The Mudcat Café TM
Thread #128206   Message #2869145
Posted By: Jim Carroll
22-Mar-10 - 07:14 AM
Thread Name: What is the future of folk music?
Subject: RE: What is the future of folk music?
Sorry; my posting on the subject was on the 'Ballads' thread; (reproduced below) referring to Jim Moray's assault with intent to cause grievous bodily harm on the ballad Lucy Wan.
Jim Carroll

"The problem for me with this age-old argument is that I am always left with the opinion that it only generates an enthusiasm for that particular approach, and when other methods are presented it leaves a potential audience cold.
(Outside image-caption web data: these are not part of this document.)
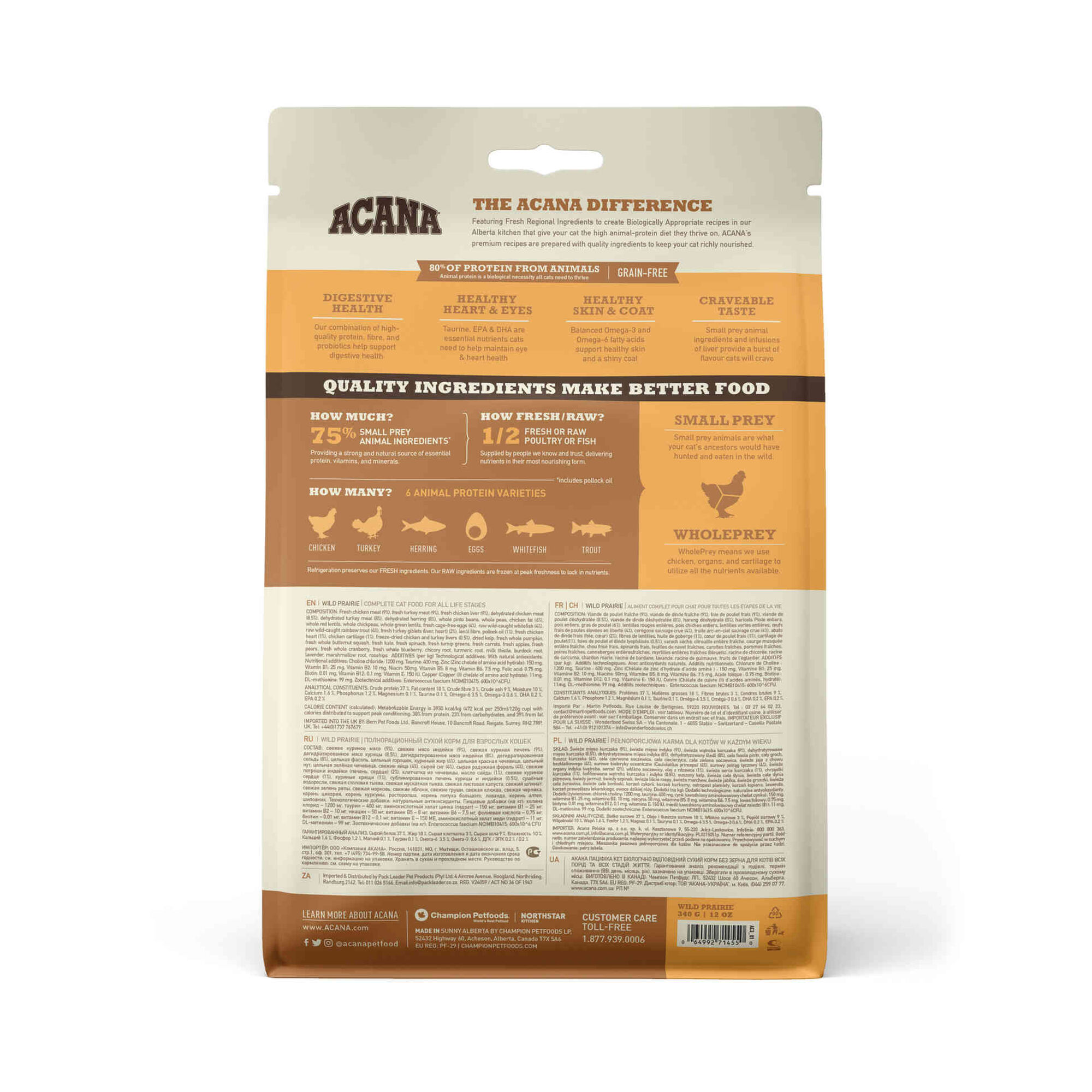 Ra&ccedil;&atilde;o para Gato Wild Prairie Acana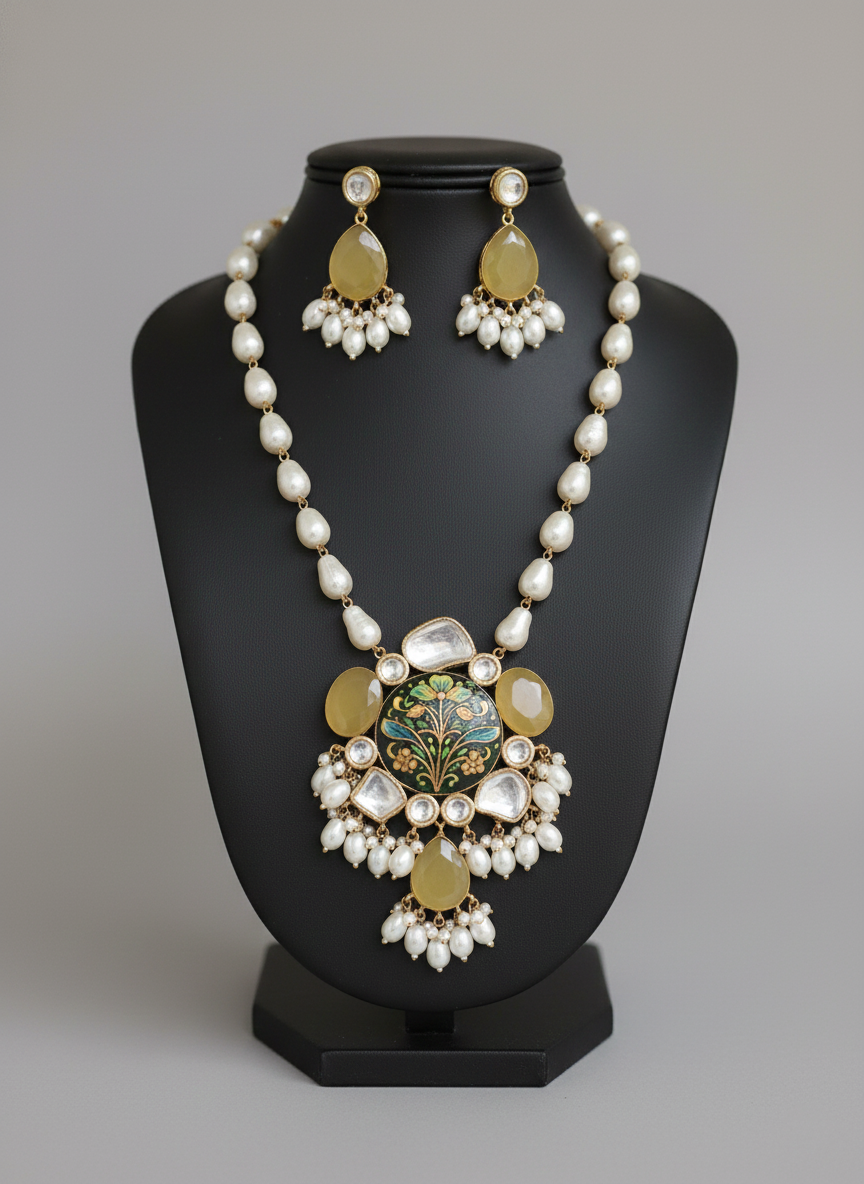 Women Handcrafted Meenakari Bridal Jewelry Set with Natural Rough Pearls & Mozonite Stones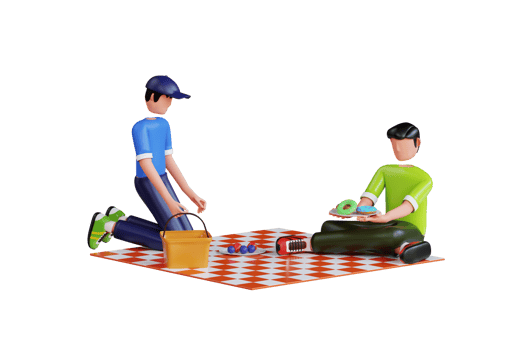 picnic in park 3d illustration. enjoy camping and healing in nature 3d illustration png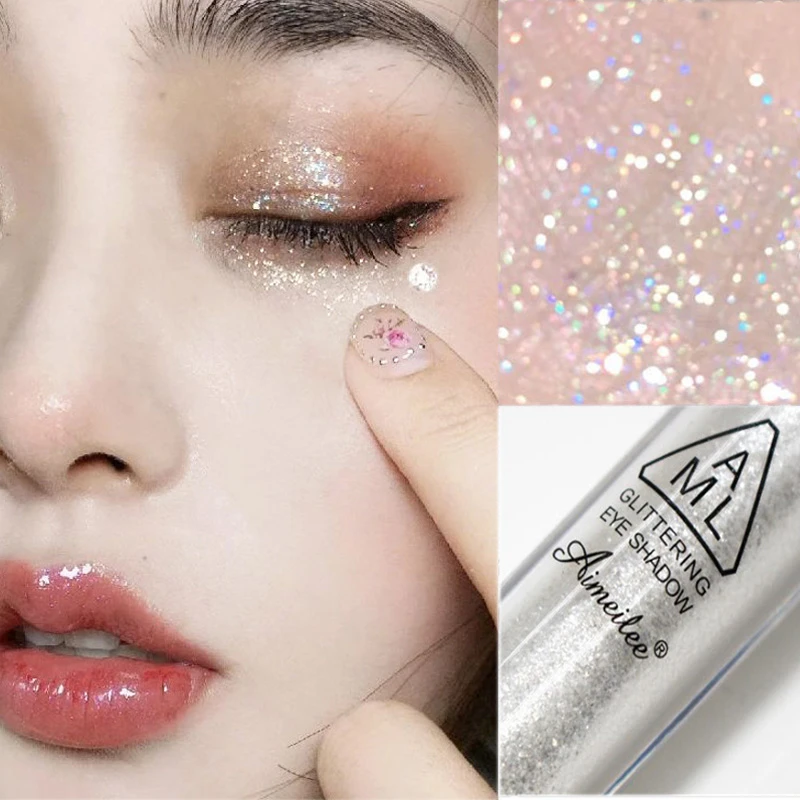 1pcs Diamond Glitter Eyeshadow Women Makeup Nude Shimmer Liquid Eye Shadow Mineral Pigment Long-Lasting Cosmetics Maquillaje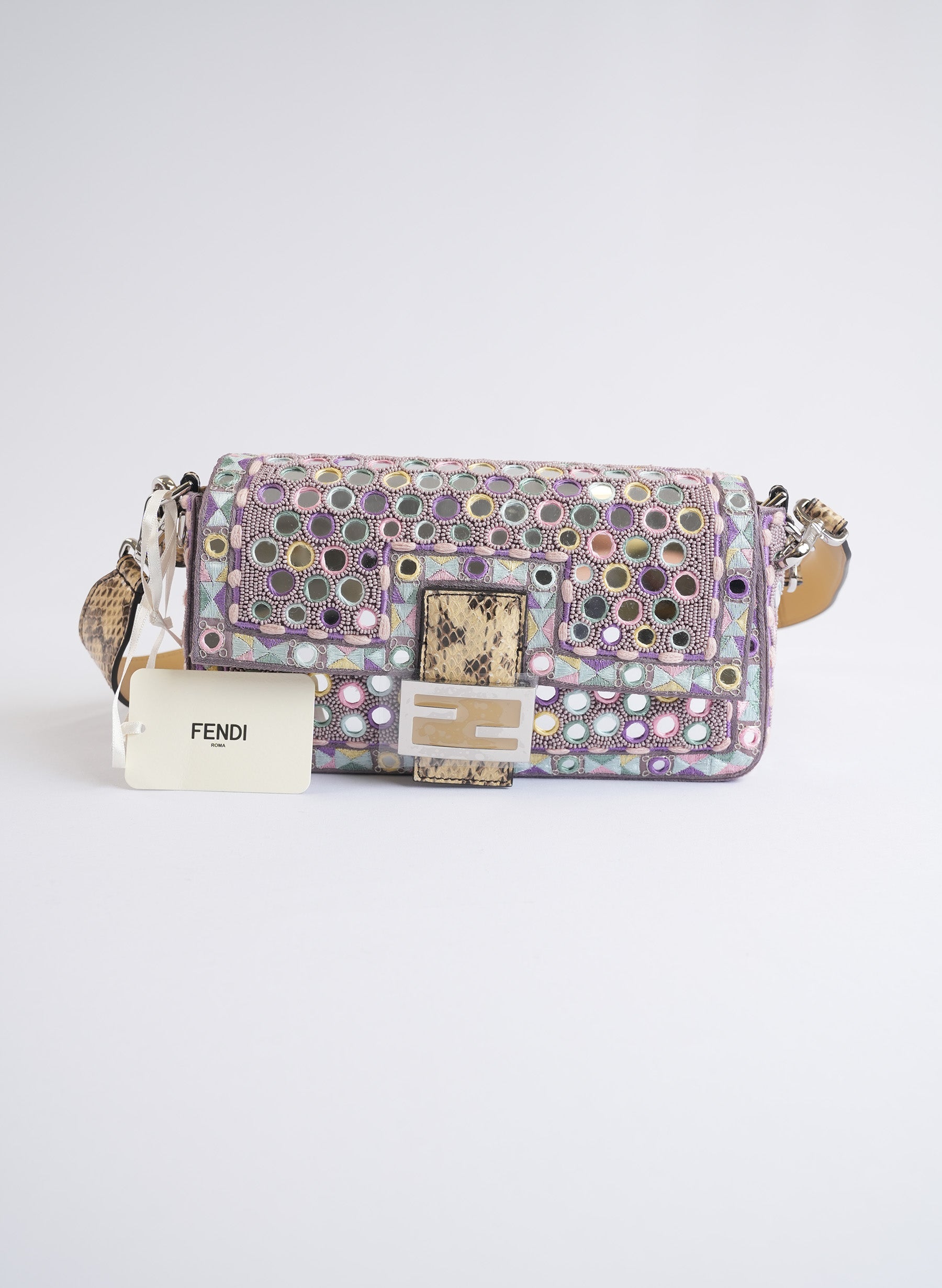 Fendi Baguette Multicolour Embroidery Bag
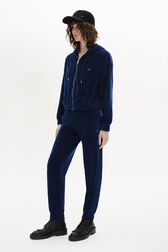 Long-Sleeved Velvet Hoodie Blue duck details view 1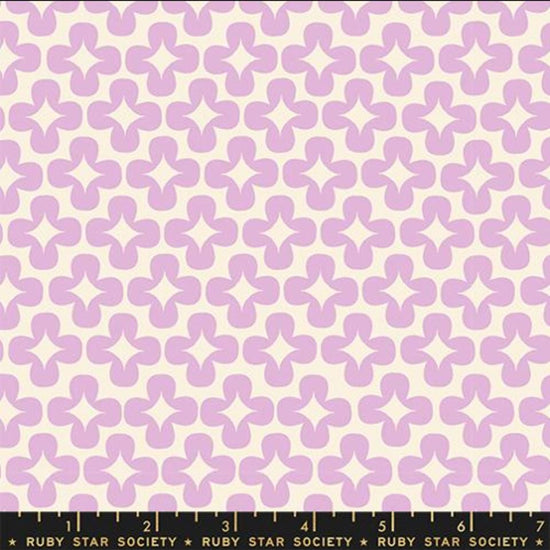 Image of Persimmon Leaf Macaron quilting cotton fabric by Rashida Coleman Hale of Ruby Star Society for Moda Fabrics. Features a geometric pattern on a purple background. Cute Little Fabric Shop.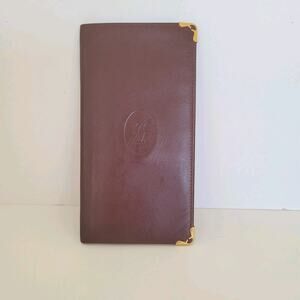 Cartier Vintage Bifold Leather Bordeaux Red Wallet Large Credit Card Checkbook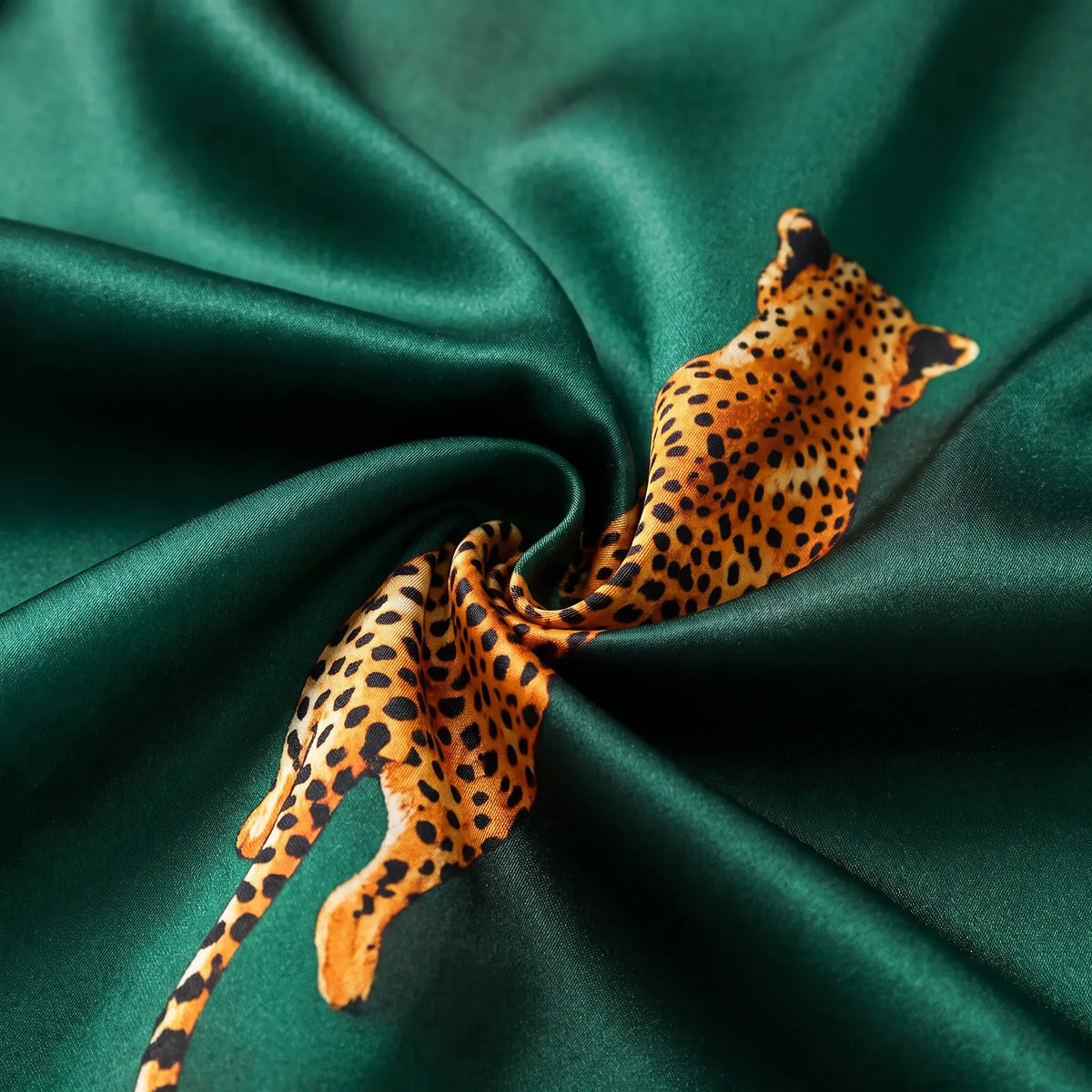 Emerald Green Cheetah Unisex Long Sleeve Satin Pajama Set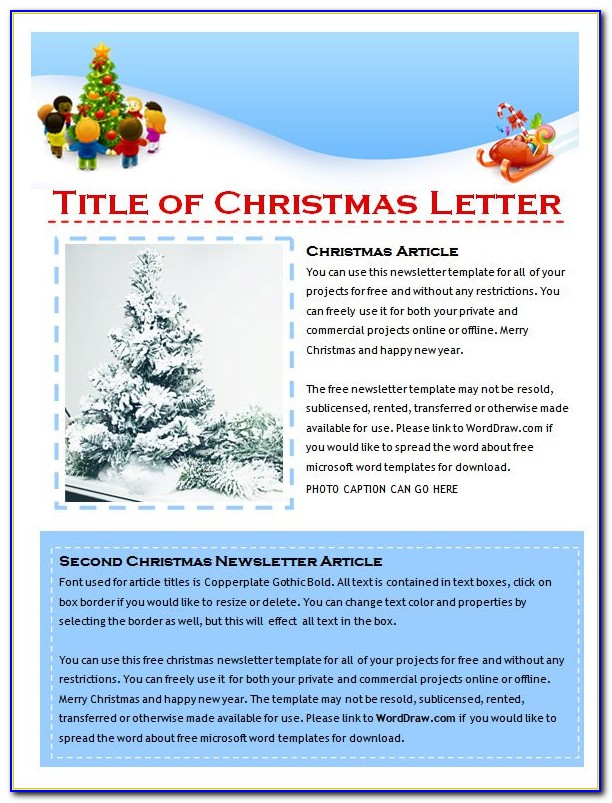 Holiday Newsletter Template Word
I first came into contact with 'live folk' in Liverpool with the Spinners. After I had been attending their club for a year I was on the point of pulling out altogether (there are only so many renditions of 'Fried Bread and Brandy O' you can take) when somebody said "have you heard MacColl's Folkways set of 'English and Scottish Ballads'?
While it's true that I wouldn't have been there in the first place if it hadn't been for the four lads (and Jaquie McDonald in those days), 'gawd bless 'em', their particular approach wasn't enough to hold me and I had to start virtually from scratch.
This argument was used when Shirly Ellis's 'Rubber Dolly' hit the top of the charts - "folk music had arrived' - but it hadn't, of course.
Some years ago the organisers of the Clare Traditional Singing Weekend (exclusively unnaccompanied) was offered the services of Christie Moore, a perfectly valid reason for having him was that they themed the week-end as 'Political Songs'. When the news got out, hordes of youngsters decended on Ennistymon and it was believed that this would be the big breakthrough - it wasn't. Even though we were treated to a festival of superb singing from all the performers - the youngsters never came back. Christie has a large following for his own style, which isn't traditional - and there's the rub.
If an audience is to be won for traditional singing, it has to be for its own merits and not for something else, and thereby hangs our problem."